June 29, 2007

The ACLU makes a right (or, maybe, "correct") turn

From Jacob Sullum, “Driving While Armed,” Aug/Sept Reason (print edition):

Since “the constitutional right to bear arms is primarily a collective one,” the American Civil Liberties Union has said, the extent to which the government should restrict gun ownership “is a question left open by the Constitution.” In a longstanding break with this position, the ACLU of Texas is defending the rights of motorists to carry guns in their cars.

[For background on the "collective right" interpretation of the second Amendment recently found wanting by the DC circuit court, thanks to an open appeal to both contemporaneous writings and intratextual patterns to argue for the framer's intent, see my previous post here.]
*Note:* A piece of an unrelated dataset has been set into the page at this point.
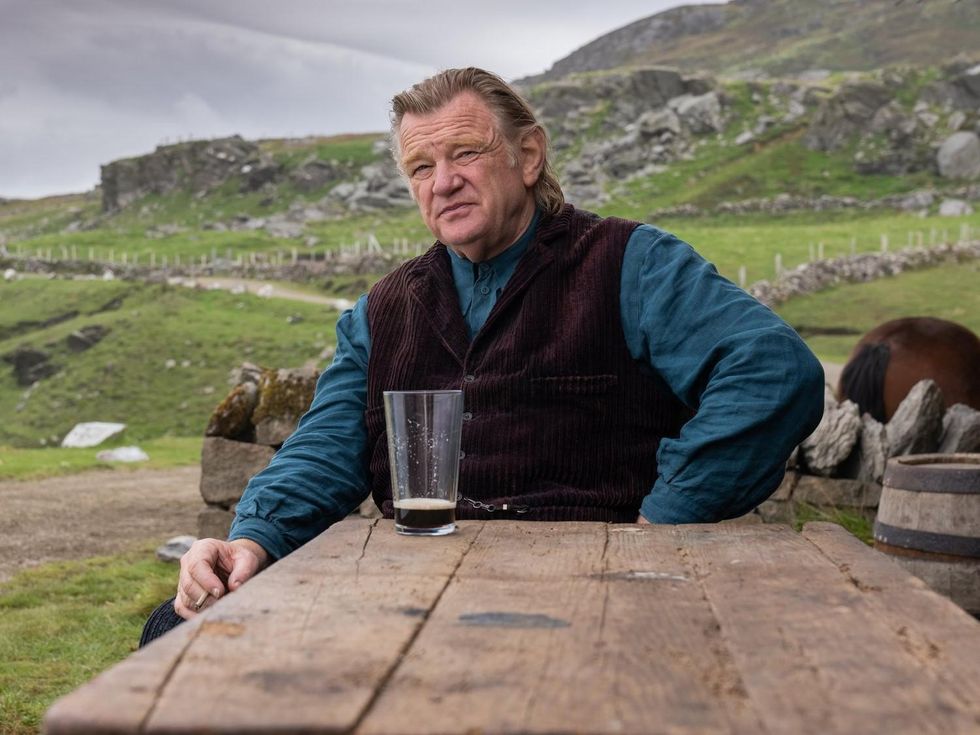 Brendan Gleeson in The Banshees of Inisherin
Texas law has long exempted people who have guns in their vehicles while “traveling” from prosecution for unlawful carrying of a weapon, an offense punishable by up to a year in jail. But the definition of traveling was fuzzy, leaving gun owners vulnerable to arrest, prosecution, and conviction, depending on how police officers, prosecutors, and judges decided to read and apply the law. In 2005, at the urging of the Texas ACLU as well as gun rights groups, the state legislature passed a law aimed at ensuring that, as the bill’s author put it, “a law-abiding person should not fear arrest if they are transporting a concealed pistol in a motor vehicle.”
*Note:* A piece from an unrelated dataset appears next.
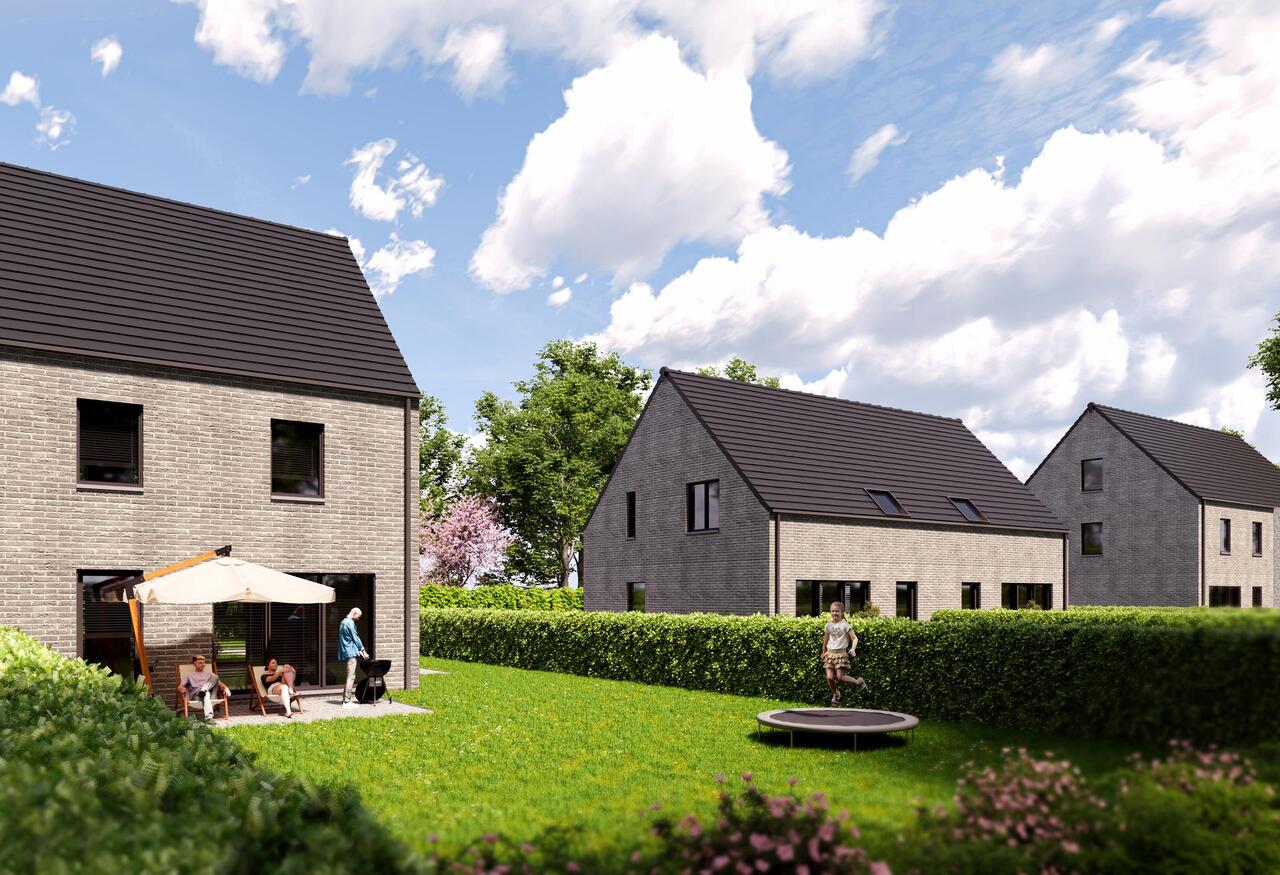 Nonnenbos Nieuwbouwproject in Ravels Weelde in de Nonnenbos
But in a February 2007 report, the Texas ACLU, the Texas State Rifle Association, and the Texas Criminal Justice Association showed that many district and county attorneys were instructing police to carry on as before, arresting gun-carrying motorists at their discretion and letting prosecutors and judges sort things out. The report criticized prosecutors for flouting the law and recommended new legislation to correct the problem, which the state legislature passed and sent to the governor in May.

Scott Henson, the former director of the Texas ACLU’s Police Accountability Project and author of the report, says the state chapter has not officially endorsed a constitutional right to arms. But “we inched them toward a Second Amendment position,” he adds, by demonstrating the potential for a left-right alliance on civil liberties issues such as car searches.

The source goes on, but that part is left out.